__DATA FOR ANALYSIS__.
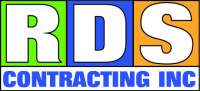 Rds construction co., inc.
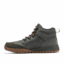 Columbia Fairbanls Mid Boot - Mens, Gravel/Dark Moss, 10, 1950921339Gravel, Dark Moss10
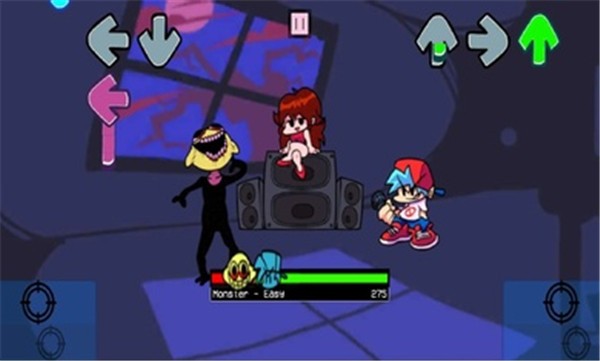 经典之火的图册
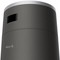 Deerma Humidifier DEM-F950W, серый - фото 74143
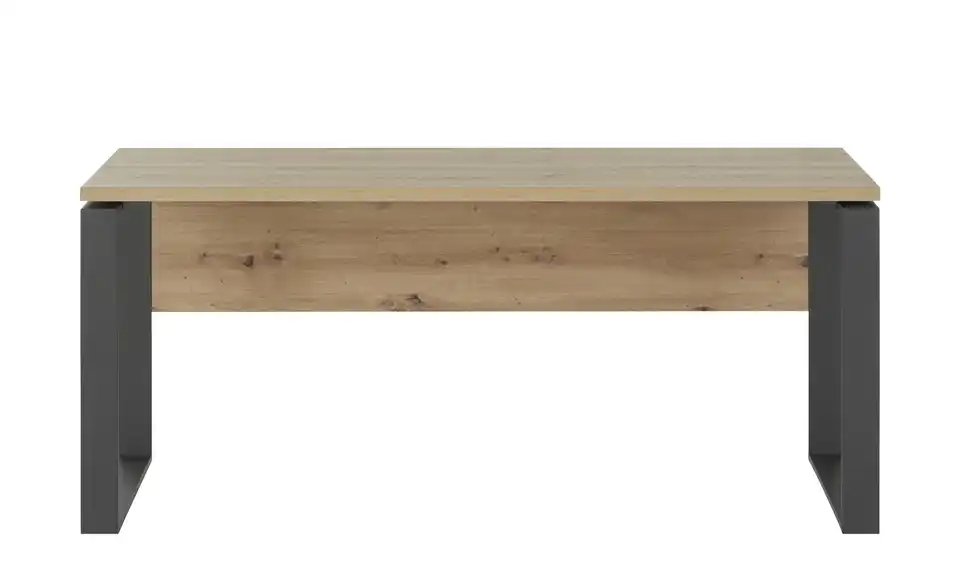 Schreibtisch Don
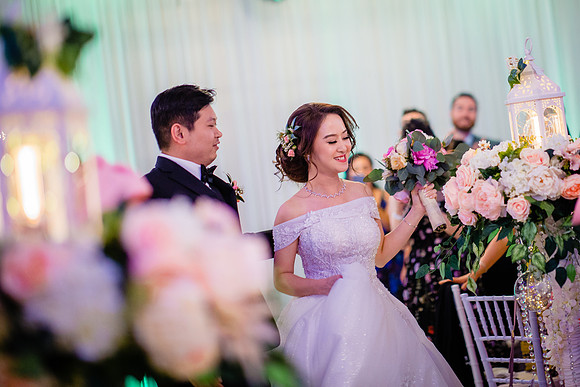 Duc&YNhu[ WeddingDay - Receiption] (64 of 451)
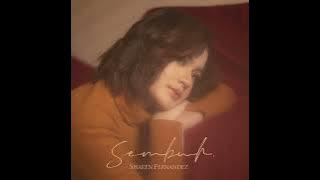 Sharen Fernandez - Sembuh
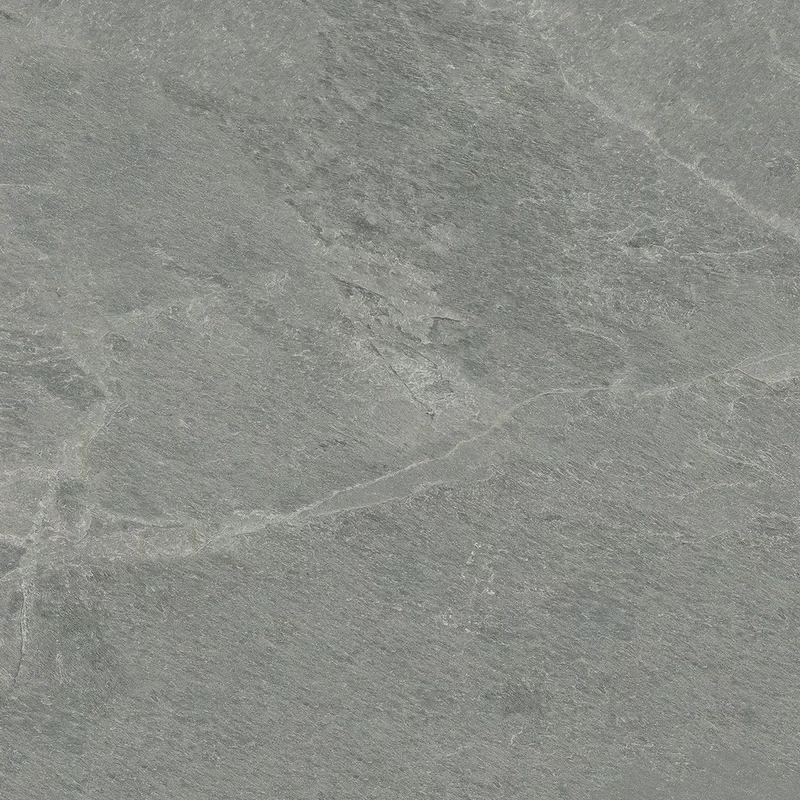 FALAISE MINT 60X60_05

__WHAT THE EXERCISE ASKS__. The required answer is an exact copy of the lines from the one containing "Columbia Fairbanls Mid" through the last line of the material, with the pictures removed.

__WRITTEN REPLY__.
 Columbia Fairbanls Mid Boot - Mens, Gravel/Dark Moss, 10, 1950921339Gravel, Dark Moss10
 经典之火的图册
 Deerma Humidifier DEM-F950W, серый - фото 74143
 Schreibtisch Don
 Duc&YNhu[ WeddingDay - Receiption] (64 of 451)
 Sharen Fernandez - Sembuh
 FALAISE MINT 60X60_05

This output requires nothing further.